A fronte dei tanti bisogni negati, all’adulto come al bambino, vengono proposti altrettanti surrogati per compensare ciò che nel profondo sentiamo mancare. I metodi di controllo e di condizionamento proposti dalla pedagogia nera si ammantano di alibi e di seducenti definizioni.

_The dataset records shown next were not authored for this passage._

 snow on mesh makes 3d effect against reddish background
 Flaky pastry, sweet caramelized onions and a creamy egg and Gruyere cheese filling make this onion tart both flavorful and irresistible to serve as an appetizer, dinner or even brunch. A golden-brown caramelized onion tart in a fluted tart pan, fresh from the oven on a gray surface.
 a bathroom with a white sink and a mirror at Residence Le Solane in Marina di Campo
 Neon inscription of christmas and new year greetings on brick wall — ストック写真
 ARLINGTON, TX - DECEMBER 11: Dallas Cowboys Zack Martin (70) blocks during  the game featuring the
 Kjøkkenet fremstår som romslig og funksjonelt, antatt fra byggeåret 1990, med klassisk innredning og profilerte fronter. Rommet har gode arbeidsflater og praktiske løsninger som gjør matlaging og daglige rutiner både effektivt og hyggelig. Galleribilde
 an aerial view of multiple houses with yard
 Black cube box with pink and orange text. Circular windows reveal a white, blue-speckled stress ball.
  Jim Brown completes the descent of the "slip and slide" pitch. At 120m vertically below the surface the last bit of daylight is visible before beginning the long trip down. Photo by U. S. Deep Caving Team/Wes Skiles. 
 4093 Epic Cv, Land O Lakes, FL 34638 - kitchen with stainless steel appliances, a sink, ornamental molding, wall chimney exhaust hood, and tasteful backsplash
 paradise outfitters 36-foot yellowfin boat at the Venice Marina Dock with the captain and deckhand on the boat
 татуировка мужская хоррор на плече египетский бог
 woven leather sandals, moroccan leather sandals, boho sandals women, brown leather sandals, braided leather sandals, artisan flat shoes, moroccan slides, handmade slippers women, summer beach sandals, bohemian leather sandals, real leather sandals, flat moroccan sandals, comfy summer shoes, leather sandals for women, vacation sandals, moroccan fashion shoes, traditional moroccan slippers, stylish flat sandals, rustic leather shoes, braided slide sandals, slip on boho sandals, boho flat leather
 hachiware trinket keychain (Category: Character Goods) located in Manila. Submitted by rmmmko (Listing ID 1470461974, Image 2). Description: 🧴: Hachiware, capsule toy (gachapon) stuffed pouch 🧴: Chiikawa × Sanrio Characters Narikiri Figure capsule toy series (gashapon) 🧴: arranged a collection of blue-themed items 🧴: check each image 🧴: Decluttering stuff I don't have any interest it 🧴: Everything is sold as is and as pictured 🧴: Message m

Ad esempio, mettiamo che si dicesse ai genitori: “Quando piange disperato, lasciatelo a urlare al soffitto e affogare nelle sue lacrime, finché sarà così sfinito da staccare la spina emotiva e rifugiarsi nel sonno; se lo fate sistematicamente a un certo punto imparerà, quando ha bisogno di voi, a non chiamarvi e a tuffarsi nell’incoscienza del sonno anche prima di piangere”. Come si sentirebbero i genitori? Ce la farebbero a fare una cosa simile? Approverebbero questo progetto educativo? C’è da dubitarne. E allora il consiglio viene confezionato in una bella carta colorata, come se dormire da solo fosse una sua esigenza, e lasciarlo piangere fosse alla fine per il suo bene… anzi, tanto per sicurezza si rincara la dose sottintendendo che se il consiglio non verrà seguito si rovinerà l’evoluzione psicologica del bambino. Nessun genitore seguirebbe certe regole senza cuore se non fosse stato convinto che tutto questo è per il bene del bambino, e che non farlo gli causerebbe a lungo andare danni e sofferenze maggiori della momentanea reazione di protesta e disperazione generata dall’imposizione.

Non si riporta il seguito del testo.